RK4SIR.Yang <- function(n, beta, gamma, S0, I0, R0 = 0, dt = 1, incidence = FALSE) {
N <<- S0 + I0 + R0
S <- c(S0, rep(0, n))
I <- c(I0, rep(0, n))
R <- c(R0, rep(0, n))
cum.inc <- rep(0, n + 1) # cumulative incidence
for (i in 1:n) {
Si <- S[i]
Ii <- I[i]
S.k1 <- dSdt(i, Si, Ii)
I.k1 <- dIdt(i, Si, Ii)
CI.k1 <- -S.k1
Ts1 <- Si + dt / 2 * S.k1
Ti1 <- Ii + dt / 2 * I.k1
S.k2 <- dSdt(i + dt / 2, Ts1, Ti1)
I.k2 <- dIdt(i + dt / 2, Ts1, Ti1)
CI.k2 <- -S.k2
Ts2 <- Ts1 + dt / 2 * S.k2
Ti2 <- Ti1 + dt / 2 * I.k2
S.k3 <- dSdt(i + dt / 2, Ts2, Ti2)
I.k3 <- dIdt(i + dt / 2, Ts2, Ti2)
CI.k3 <- -S.k3
Ts3 <- Ts2 + dt * S.k3
Ti3 <- Ti2 + dt * I.k3
S.k4 <- dSdt(i + dt, Ts3, Ti3)
I.k4 <- dIdt(i + dt, Ts3, Ti3)
CI.k4 <- -S.k4
S[i + 1] <- Si + dt / 6 * (S.k1 + 2 * S.k2 + 2 * S.k3 + S.k4)
I[i + 1] <- Ii + dt / 6 * (I.k1 + 2 * I.k2 + 2 * I.k3 + I.k4)

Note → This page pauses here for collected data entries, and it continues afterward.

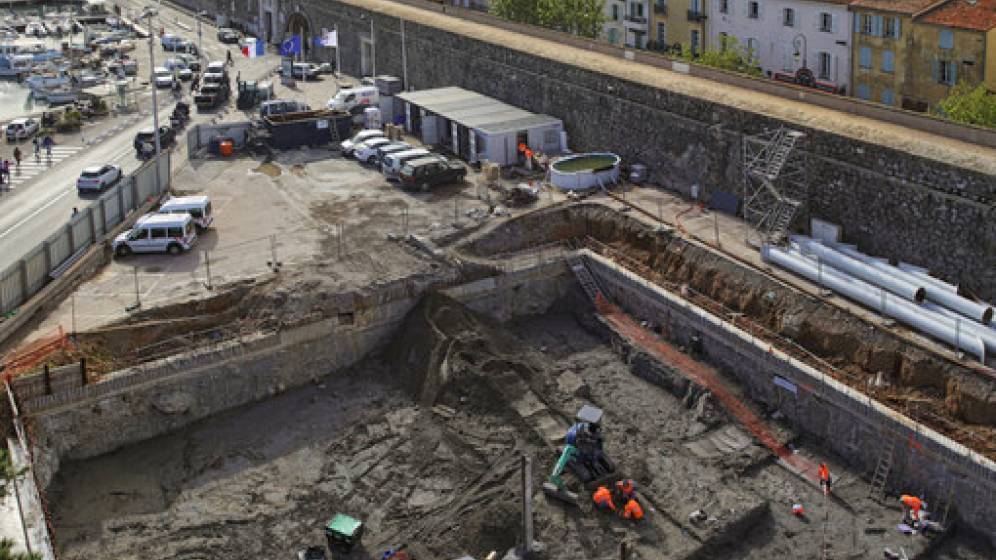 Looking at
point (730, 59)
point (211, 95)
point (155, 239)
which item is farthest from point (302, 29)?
point (155, 239)

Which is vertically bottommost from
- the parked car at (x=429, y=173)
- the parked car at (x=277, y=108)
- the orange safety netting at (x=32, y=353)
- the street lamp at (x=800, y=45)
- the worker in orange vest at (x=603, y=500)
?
→ the worker in orange vest at (x=603, y=500)

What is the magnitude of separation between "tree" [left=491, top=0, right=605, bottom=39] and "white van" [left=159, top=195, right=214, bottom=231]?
93.5 feet

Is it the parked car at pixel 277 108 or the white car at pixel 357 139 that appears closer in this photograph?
the white car at pixel 357 139

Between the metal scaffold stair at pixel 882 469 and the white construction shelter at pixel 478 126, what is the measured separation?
22071mm

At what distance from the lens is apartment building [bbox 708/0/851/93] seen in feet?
180

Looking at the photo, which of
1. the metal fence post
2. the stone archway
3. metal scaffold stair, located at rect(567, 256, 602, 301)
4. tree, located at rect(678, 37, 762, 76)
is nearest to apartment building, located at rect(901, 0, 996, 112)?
tree, located at rect(678, 37, 762, 76)

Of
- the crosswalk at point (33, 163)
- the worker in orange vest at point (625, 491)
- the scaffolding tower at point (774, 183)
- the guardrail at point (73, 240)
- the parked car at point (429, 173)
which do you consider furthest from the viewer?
the crosswalk at point (33, 163)

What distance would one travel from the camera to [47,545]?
84.0ft

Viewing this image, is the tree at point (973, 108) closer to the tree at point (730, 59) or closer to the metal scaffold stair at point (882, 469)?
the tree at point (730, 59)

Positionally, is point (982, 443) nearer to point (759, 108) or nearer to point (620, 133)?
point (759, 108)

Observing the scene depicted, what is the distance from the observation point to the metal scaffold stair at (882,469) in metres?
28.4

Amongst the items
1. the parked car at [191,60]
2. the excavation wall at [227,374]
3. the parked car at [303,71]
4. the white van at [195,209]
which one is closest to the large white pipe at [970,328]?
the excavation wall at [227,374]

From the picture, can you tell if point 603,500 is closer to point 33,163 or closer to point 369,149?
point 369,149

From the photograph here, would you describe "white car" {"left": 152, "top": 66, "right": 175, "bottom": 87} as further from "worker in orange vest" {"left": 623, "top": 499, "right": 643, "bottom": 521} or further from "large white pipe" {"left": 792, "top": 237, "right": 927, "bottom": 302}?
"worker in orange vest" {"left": 623, "top": 499, "right": 643, "bottom": 521} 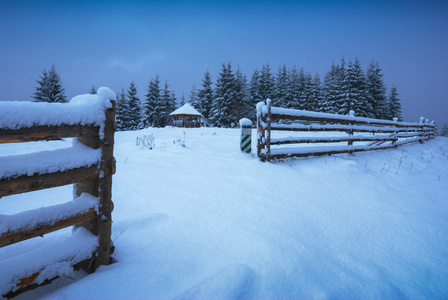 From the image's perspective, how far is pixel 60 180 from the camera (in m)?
1.60

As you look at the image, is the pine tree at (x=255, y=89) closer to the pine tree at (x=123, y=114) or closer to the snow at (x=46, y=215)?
the pine tree at (x=123, y=114)

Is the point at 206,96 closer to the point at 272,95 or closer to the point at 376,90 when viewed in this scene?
the point at 272,95

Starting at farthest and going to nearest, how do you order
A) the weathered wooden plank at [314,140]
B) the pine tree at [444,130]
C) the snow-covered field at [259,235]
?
the pine tree at [444,130]
the weathered wooden plank at [314,140]
the snow-covered field at [259,235]

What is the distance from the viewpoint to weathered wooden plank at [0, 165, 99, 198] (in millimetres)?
1362

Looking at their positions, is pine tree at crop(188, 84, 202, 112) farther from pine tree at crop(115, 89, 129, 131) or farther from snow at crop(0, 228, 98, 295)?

R[i + 1] <- N - S[i + 1] - I[i + 1]
cum.inc[i + 1] <- cum.inc[i] + dt / 6 * (CI.k1 + 2 * CI.k2 + 2 * CI.k3 + CI.k4)
}
if (!incidence) {
return(data.frame(n = 0:n, S = S, I = I, R = R))
} else {
return(data.frame(n = 0:n, S = S, I = I, R = R, cum.inc = cum.inc))
}
}
2.4 Benchmark
microbenchmark
package is a good option for benchmarking functions. I use microbenchmark
function to compare rk4
, RK4SIR
and RK4SIR.Yang
1000 times.
library(microbenchmark)
compare <- microbenchmark(rk4(y0, times, SIR, params),
RK4SIR(n, beta, gamma, S0, I0, incidence = TRUE),
RK4SIR.Yang(n, beta, gamma, S0, I0, incidence = TRUE),
times = 10)
# change expr for plot
compare$expr <- gsub("rk4(y0, times, SIR, params)", "rk4",
compare$expr, fixed = TRUE)
compare$expr <- gsub("RK4SIR(n, beta, gamma, S0, I0, incidence = TRUE)", "RK4SIR",
compare$expr, fixed = TRUE)
compare$expr <- gsub("RK4SIR.Yang(n, beta, gamma, S0, I0, incidence = TRUE)",
"RK4SIR.Yang", compare$expr, fixed = TRUE)
compare
## Unit: milliseconds
## expr min lq mean median uq max neval
## rk4 10.522828 10.849218 12.314321 11.330950 14.672388 15.626585 10
## RK4SIR 1.691710 2.008025 2.244679 2.157010 2.655575 2.672397 10
## RK4SIR.Yang 1.627021 1.879434 6.647515 2.081856 2.122347 48.506175 10
Draw a comparison of distribution times.
p <- autoplot(compare)
## Coordinate system already present. Adding new coordinate system, which will
## replace the existing one.
p + geom_violin(aes(color = expr, fill = expr)) +
theme(legend.position = "none")
rk4
function from deSolve
package runs much slower than both RK4SIR
and RK4SIR.Yang
fucntions as it takes much time to spin up for calling external FORTRAN
or C
functions. Though RK4SIR
function performs the extra calculation of incidence, the benchmarking results show that RK4SIR
function still runs faster than RK4SIR.Yang
function. This is because RK4SIR.Yang
function calculates cummulative incidence one by one per iterative formula while RK4SIR
function directly apply diff
function to the resulting vector S
to accomplish the calculation. diff
function is a vector operation and takes much less time.